Take the lines below from the one with "18357 Deer Hill" through the one with "a bedroom with" and print only them, exactly. Don't print the pictures.

Data provided:
== == ==

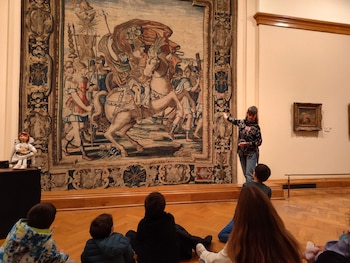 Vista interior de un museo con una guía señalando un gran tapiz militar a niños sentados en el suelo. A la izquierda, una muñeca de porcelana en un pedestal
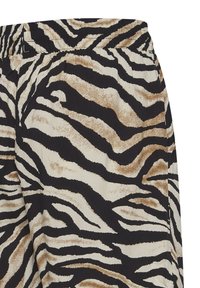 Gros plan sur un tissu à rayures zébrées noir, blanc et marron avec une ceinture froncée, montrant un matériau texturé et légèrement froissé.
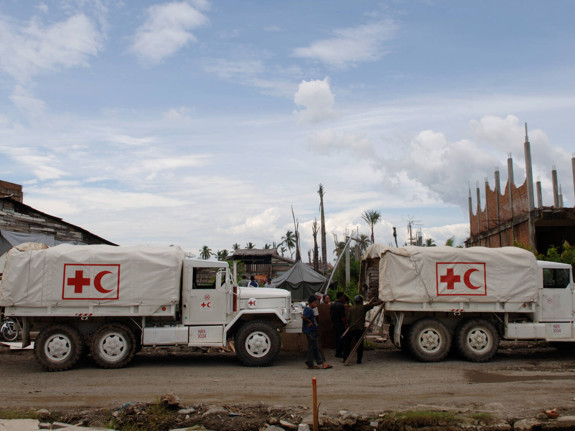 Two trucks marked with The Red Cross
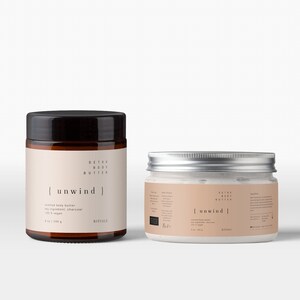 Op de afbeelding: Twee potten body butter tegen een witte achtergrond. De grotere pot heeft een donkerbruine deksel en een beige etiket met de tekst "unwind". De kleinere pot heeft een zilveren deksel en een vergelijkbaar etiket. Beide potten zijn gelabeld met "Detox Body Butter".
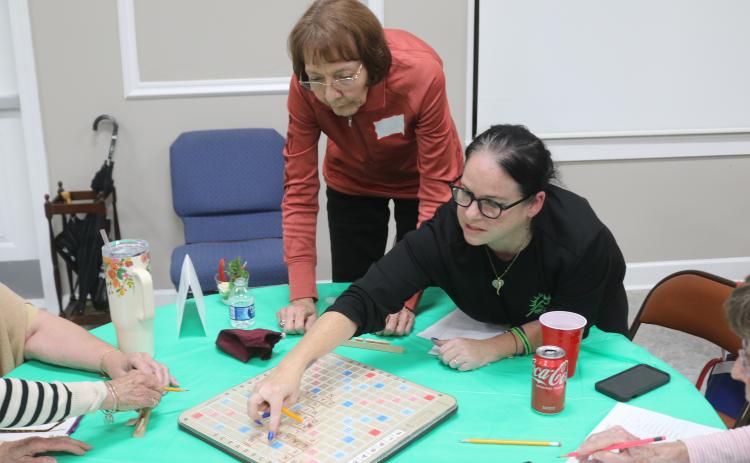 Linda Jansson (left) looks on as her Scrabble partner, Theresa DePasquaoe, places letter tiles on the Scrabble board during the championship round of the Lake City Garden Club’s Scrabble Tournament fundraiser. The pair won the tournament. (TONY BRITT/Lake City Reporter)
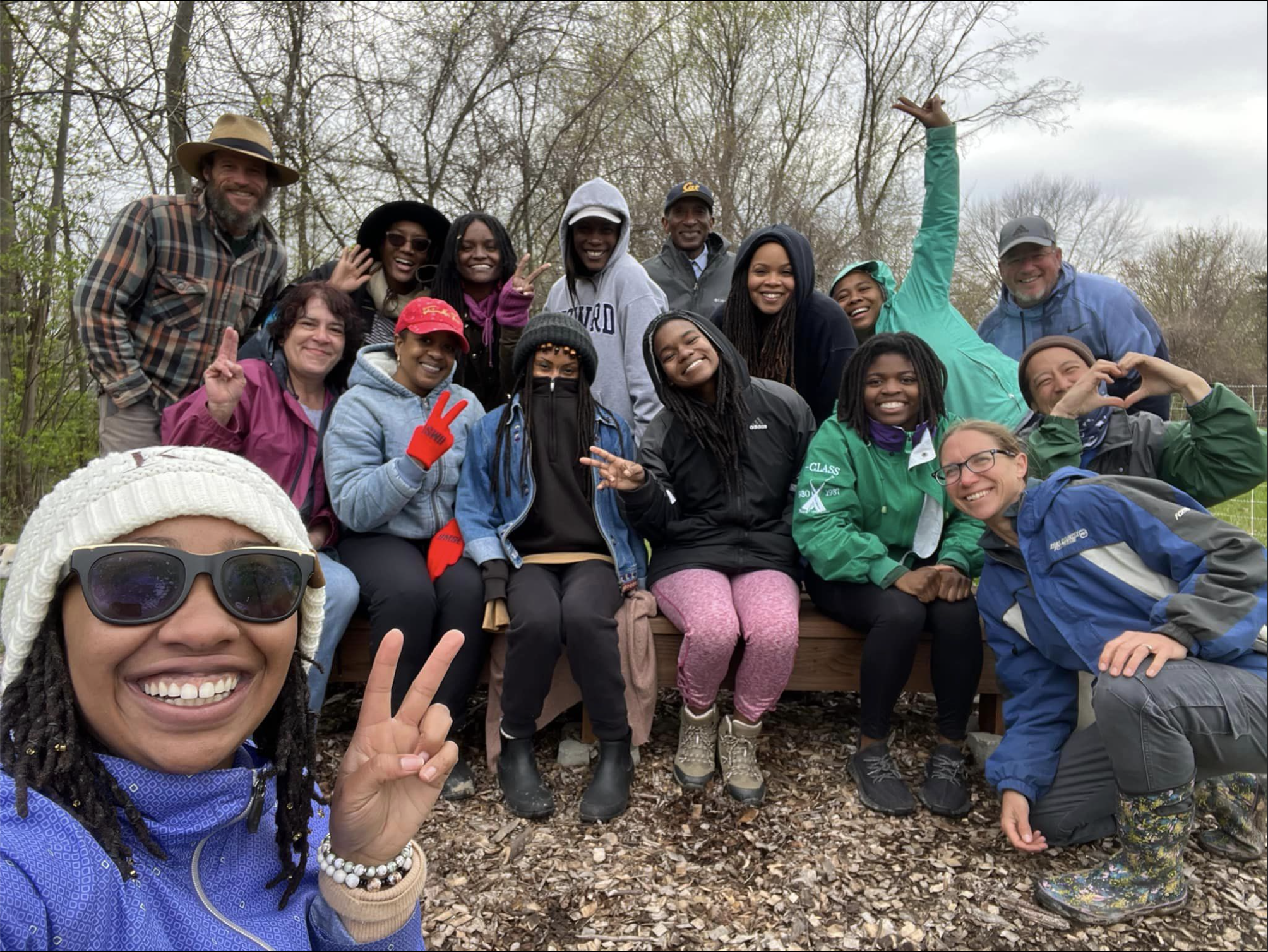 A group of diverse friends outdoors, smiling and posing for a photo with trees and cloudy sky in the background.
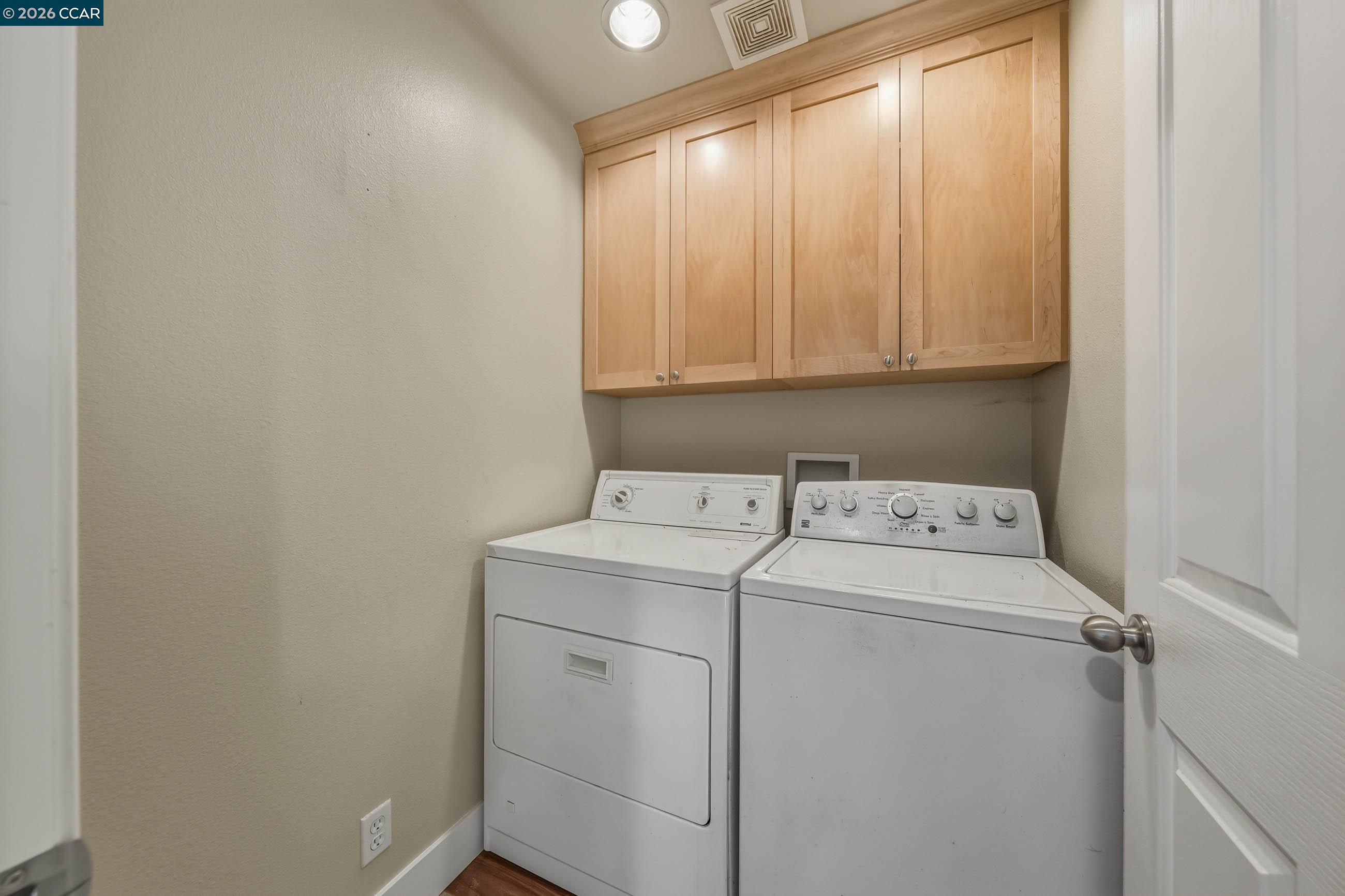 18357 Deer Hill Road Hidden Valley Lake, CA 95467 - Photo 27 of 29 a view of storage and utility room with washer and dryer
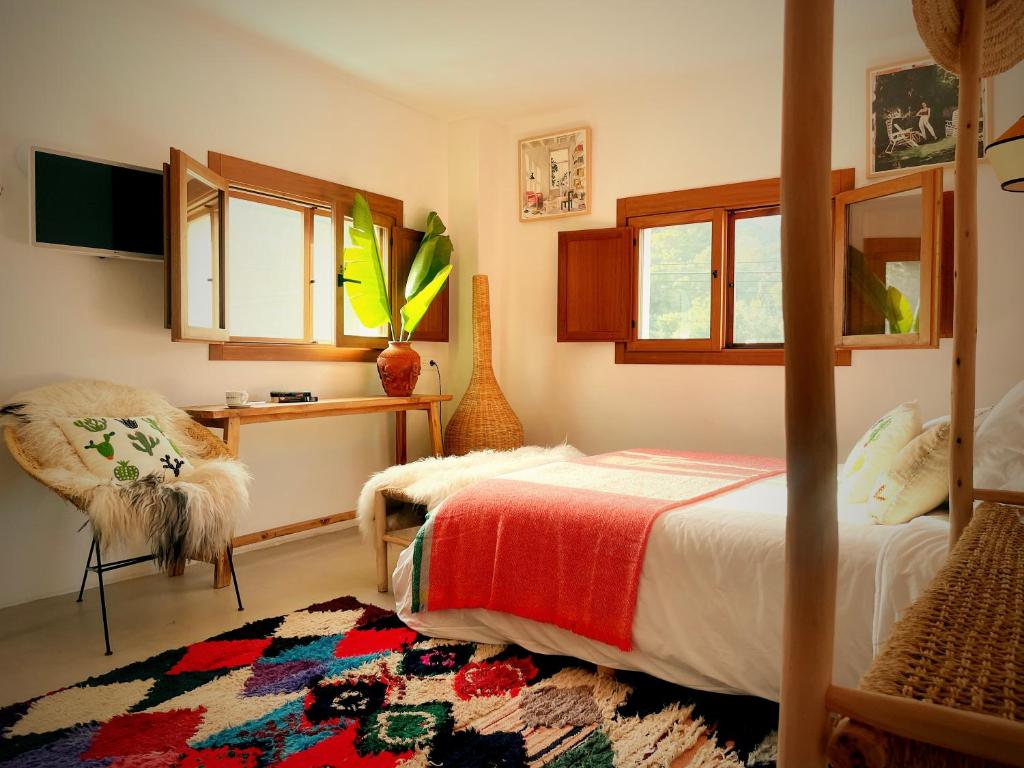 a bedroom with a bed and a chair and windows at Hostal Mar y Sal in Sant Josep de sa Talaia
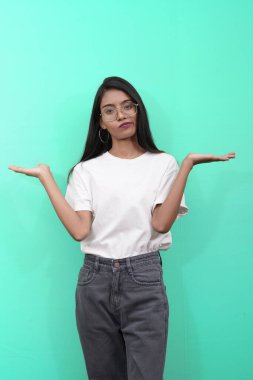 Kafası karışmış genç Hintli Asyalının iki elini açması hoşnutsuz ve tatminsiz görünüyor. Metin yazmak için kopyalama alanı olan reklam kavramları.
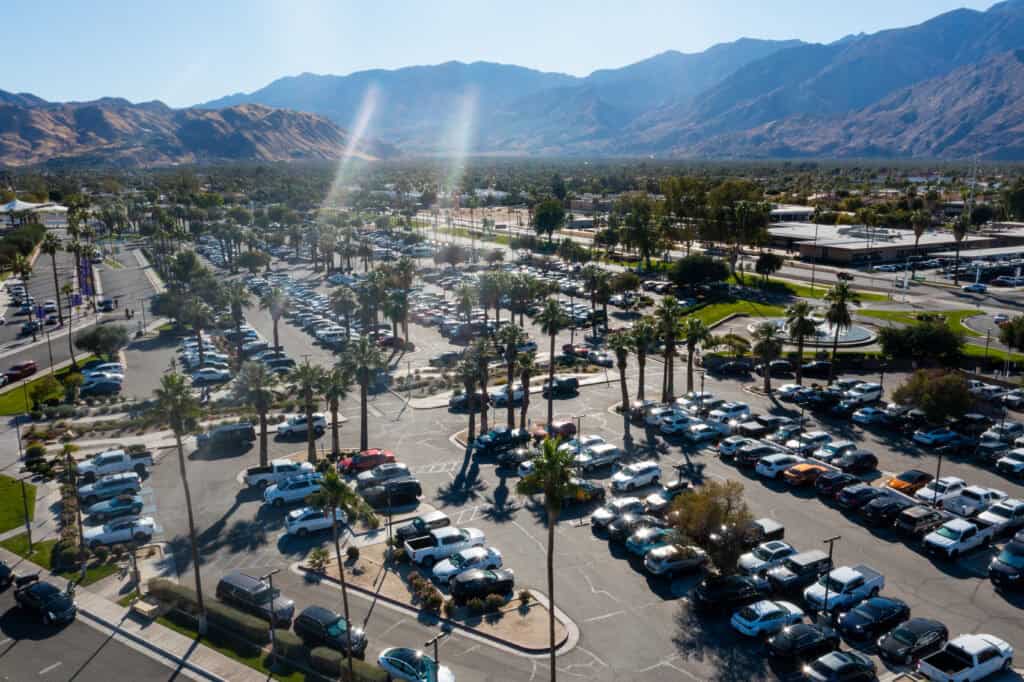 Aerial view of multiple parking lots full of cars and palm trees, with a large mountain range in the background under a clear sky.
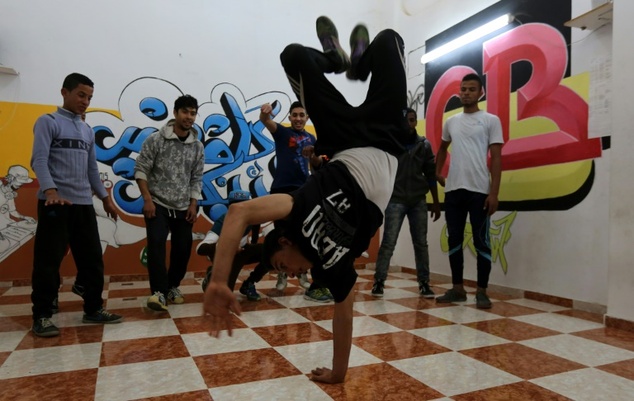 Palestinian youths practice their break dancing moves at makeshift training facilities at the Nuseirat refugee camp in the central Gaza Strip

== == ==

Written answer:
 18357 Deer Hill Road Hidden Valley Lake, CA 95467 - Photo 27 of 29 a view of storage and utility room with washer and dryer
 a bedroom with a bed and a chair and windows at Hostal Mar y Sal in Sant Josep de sa Talaia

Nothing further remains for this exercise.